Greetings! I noticed that the docs for the moderation endpoint don’t have a posted rate limit (or I’m blind) and it is a free service…
So, what if I create a product centered entirely around mass crawling socials and passing large amounts of text asynchronously into the mod endpoint explicitly for the response, which I aggregate and report on potential trends.
It seems to comply with OpenAI terms, but would require significant loads being POSTed to the endpoint… what are the boundaries here?
None posted. If they exist I’m sure OpenAI will let you know when you reach them.
My guess is the moderation API is an extremely simple neural network—it is just a classifier after all—so, if were they to bill for it would be on the order of fractions of a cent per million (or even billion) tokens. Honestly, I wouldn’t be surprised if the bandwidth had more value than the processing.
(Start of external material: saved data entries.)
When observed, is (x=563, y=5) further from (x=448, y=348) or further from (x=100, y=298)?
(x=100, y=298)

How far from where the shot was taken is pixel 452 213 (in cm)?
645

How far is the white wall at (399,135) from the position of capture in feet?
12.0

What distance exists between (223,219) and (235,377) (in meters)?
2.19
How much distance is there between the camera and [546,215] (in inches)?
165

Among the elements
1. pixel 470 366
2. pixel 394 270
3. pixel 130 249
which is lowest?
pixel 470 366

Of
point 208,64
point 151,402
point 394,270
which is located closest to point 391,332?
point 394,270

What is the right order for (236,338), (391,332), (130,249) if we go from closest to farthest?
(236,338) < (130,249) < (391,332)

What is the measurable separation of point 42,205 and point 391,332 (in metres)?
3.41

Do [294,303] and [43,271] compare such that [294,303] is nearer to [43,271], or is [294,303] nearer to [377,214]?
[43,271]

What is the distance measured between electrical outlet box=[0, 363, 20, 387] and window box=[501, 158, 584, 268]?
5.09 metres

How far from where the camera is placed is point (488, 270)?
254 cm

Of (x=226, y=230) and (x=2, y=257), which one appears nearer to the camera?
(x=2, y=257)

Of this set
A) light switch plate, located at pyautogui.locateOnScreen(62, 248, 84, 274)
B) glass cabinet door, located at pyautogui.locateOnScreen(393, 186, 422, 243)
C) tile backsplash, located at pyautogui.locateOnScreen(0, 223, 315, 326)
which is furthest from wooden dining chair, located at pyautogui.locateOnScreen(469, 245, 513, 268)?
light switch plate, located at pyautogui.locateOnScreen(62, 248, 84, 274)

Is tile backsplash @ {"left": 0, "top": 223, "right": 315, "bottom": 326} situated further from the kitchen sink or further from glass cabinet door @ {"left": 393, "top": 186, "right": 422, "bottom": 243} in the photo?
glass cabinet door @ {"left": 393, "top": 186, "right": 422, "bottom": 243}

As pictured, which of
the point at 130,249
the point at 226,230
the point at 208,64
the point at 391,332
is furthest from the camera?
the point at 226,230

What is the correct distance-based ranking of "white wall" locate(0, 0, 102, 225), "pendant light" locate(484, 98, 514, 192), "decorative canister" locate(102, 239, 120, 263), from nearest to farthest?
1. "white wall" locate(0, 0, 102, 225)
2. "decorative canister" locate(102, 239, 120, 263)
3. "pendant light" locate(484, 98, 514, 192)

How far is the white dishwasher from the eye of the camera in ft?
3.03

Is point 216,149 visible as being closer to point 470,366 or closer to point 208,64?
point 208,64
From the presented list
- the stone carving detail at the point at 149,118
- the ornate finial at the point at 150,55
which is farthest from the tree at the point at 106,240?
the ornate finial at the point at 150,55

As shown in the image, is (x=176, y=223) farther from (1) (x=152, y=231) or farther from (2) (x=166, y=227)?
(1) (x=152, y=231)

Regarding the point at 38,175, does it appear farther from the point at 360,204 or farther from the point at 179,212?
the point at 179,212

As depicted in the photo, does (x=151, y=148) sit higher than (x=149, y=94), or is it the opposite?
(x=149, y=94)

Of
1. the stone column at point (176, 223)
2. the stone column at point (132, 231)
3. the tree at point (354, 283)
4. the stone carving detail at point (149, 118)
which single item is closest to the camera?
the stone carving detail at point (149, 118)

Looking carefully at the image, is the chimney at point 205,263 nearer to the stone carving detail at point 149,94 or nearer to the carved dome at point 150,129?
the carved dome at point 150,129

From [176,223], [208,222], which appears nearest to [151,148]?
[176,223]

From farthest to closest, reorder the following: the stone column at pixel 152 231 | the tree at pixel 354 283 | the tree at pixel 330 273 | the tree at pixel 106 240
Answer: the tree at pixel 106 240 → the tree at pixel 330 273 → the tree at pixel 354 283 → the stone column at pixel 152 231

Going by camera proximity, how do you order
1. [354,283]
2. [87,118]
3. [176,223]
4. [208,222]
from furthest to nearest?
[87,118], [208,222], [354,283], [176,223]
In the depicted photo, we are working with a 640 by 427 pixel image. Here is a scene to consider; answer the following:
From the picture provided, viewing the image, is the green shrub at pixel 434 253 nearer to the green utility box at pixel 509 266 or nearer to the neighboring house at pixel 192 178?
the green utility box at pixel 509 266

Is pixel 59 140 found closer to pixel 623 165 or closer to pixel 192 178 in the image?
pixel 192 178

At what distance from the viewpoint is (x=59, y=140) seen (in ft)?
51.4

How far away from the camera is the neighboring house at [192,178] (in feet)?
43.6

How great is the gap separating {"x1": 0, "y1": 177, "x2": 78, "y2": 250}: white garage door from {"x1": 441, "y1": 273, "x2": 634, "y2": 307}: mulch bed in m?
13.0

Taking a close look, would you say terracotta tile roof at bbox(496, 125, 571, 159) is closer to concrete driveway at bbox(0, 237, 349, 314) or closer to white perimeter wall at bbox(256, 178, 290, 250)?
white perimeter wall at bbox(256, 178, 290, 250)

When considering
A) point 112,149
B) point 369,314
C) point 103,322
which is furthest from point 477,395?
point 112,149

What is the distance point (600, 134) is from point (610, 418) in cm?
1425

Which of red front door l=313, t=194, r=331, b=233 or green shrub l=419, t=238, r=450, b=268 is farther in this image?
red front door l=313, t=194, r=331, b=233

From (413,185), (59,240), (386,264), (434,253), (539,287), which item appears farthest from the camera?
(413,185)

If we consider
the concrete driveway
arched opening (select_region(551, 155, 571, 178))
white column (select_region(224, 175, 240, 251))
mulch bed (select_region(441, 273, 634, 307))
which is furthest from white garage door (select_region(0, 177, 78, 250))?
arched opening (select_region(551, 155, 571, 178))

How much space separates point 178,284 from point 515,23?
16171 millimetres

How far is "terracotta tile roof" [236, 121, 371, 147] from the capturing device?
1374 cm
It’s an endpoint which, in theory, every prompt for every model should be run through before passing it to the LLM, so unless you’re going absolutely bonkers with it they probably won’t care too much.
All that said, on the Moderation API overview page they have this to say:
Ah ok, thank you. It seems that little sentence does preclude my idea of using the moderation exclusively for a purpose without the other models.
Still curious about the details… I’d like to build a large, wide scale emotional, psychosocial tracker that aggregates large swathes of media and plots stuff over time. I wonder if that’s what they’re trying to prevent? Or if that’s ok?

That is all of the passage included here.